Breaking up Nigeria is not the answer to its civil unrest

By Remi Adekoya, The Guardian

3 March 2012

Credit: Sunday Alamba/AP

The funeral of Emeka Ojukwu, attended by Nigeria President Goodluck Jonathan (right).

Forty-five years after proclaiming the breakaway Republic of Biafra, former rebel-leader Emeka Ojukwu was this week given a state burial by the Nigerian government.

It is unusual that the president of a country attends the funeral of a man who tried to engineer that country's breakup. But Ojukwu is being hailed as a hero today because many in Nigeria simply believe the man had a point. Many Nigerians are unhappy with the way their country has turned out. And some, just like Ojukwu in the 1960s, are now questioning the viability of the state in itself.

In 2005, the CIA published a report warning that Nigeria, the seventh most populous country in the world, could disintegrate within 15 years. At the time, that prediction was dismissed by most Nigerians as baseless alarmism. But recent events have prompted a re-evaluation of that gloomy forecast.

The northern-based Boko Haram Islamists are currently wreaking havoc in Nigeria, ramping up their terrorist attacks and demanding that Sharia law be implemented throughout a country where roughly half the population is Christian. Northern Nigeria is predominantly Muslim, while southern Nigeria is largely Christian. Boko Haram have said that those originally from the south who are now living in the north should return to where they came from or face death. In response, some southern leaders have threatened retaliation against the northerners living in their region.

Nigeria is currently experiencing a surge in ethnic animosity fuelled by the sectarian violence, which the central government has been incapable of quelling. President Goodluck Jonathan recently described the present situation as "worse than during the [1967-70] civil war". In January, Nigerian Nobel laureate Wole Soyinka said that Nigeria is "already progressing towards a defacto break up."

Nigeria is the result of a 1914 British colonial decision to lump together more than 250 ethnic groups, differing in culture and social structure. In 1967, the eastern part of the country, dominated by the Igbo ethnic group, announced secession under then Colonel Ojukwu after a pogrom of Igbos living in the north. But the central government eventually battled the breakaway republic into submission at the cost of more than 1 million lives.

That laid to rest any ideas of dividing Nigeria at the time, but today a growing number of voices are saying that a breakup would be the best solution for the people living in its territory. "What's the point of keeping the country together when it is clearly not working? Only the northern elites wants one Nigeria, and that's because their region lacks natural resources while there is plenty of oil in the south," a friend of mine from the south told me recently.

"If Yugoslavia and Sudan could break up, then why can't we?" he added.

Many Nigerians from the south feel the north, where education levels are much lower, brings precious little to the nation's table in terms of resources and human capital, yet its elites consume a huge chunk of the national budget due to their political influence.

Why not engineer a peaceful breakup and let new nations build more functional political entities with rulers who share the same values as their citizens?
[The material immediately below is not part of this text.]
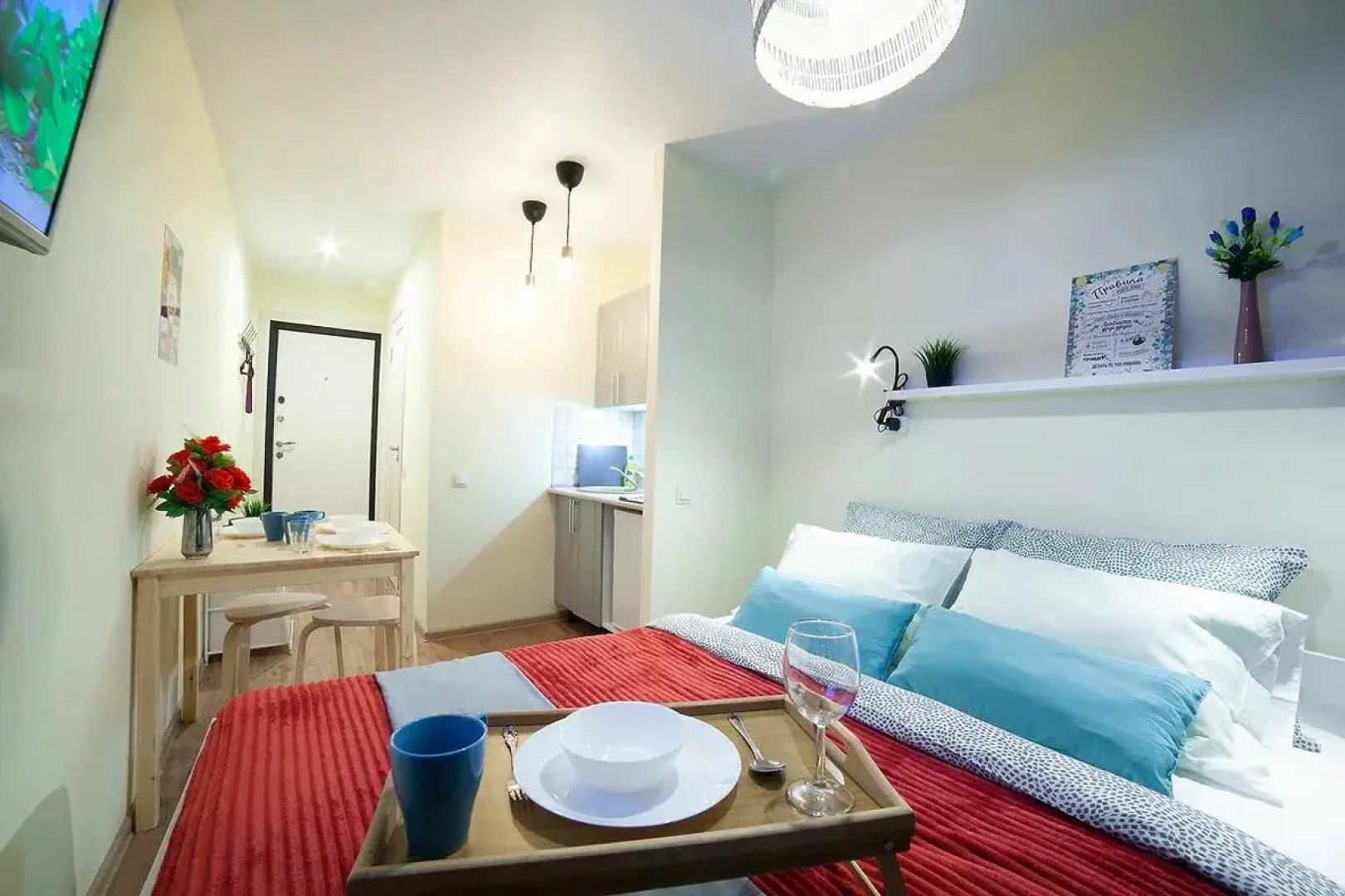 Квартира Сибиряков-Гвардейцев 15/1-4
It sounds simple enough.

But on reflection, the belief of a breakup improving things is based on false premises. The first of these is that there is a viable configuration under which Nigeria could split today in a peaceful manner. In reality, a simple north-south divide or even a north-east-west divide simply won't fly.

In the winner-takes-all mentality that pervades modern-day Nigerian society, no ethnic group will want to accept the role of "second fiddle" in a new entity: we would be talking of at least six, maybe even 10 new countries. How many would be able to survive? Are conflicts between them not inevitable, such as between Ethiopia and Eritrea? The post-Yugoslavian states could count on the EU for help. Post-Nigerian states would have no such luxury.

Secondly, the idea of unity even within the same ethnic group is overly idealistic. There are sub-groups and sub-groups of sub-groups within each of Nigeria's tribes. Take away a common enemy to unite them and chaos could ensue.

There would also likely be a battle for control of the oil, which is mostly located in the southern Niger Delta region. This could spark a long-lasting Congo-like conflict.

Nigeria's political scene today is controlled by men commonly referred to as "godfathers," a handful of rich and powerful figures who hand-pick candidates for all the significant political offices in the country, ensuring their victory through bribes, threats and, if necessary, murder.

When their "boy," as such a protege is called, gets into office, he repays his godfather for the "investment" made in him through bogus contracts and a host of other means. He is also obliged to turn a blind eye to any criminal activity that his godfather, or those he protects, might commit.

This system functions in all areas of Nigeria – north and south alike. So what would the creation of new countries change? Secession will not alter the situation of the average Nigerian.

Fingering religious or ethnic differences as the root of Nigeria's problems oversimplifies the situation. The most immediate problem is the godfathers' stranglehold on power. The people of Nigeria will not know freedom until they can unite against this menance and the corruption it brings, much as they did in forcing the British colonialists to relinquish power five decades ago.

Otherwise the outcome of a breakup would simply be smaller, weaker nations governed by systems no less corrupt and dysfunctional than today.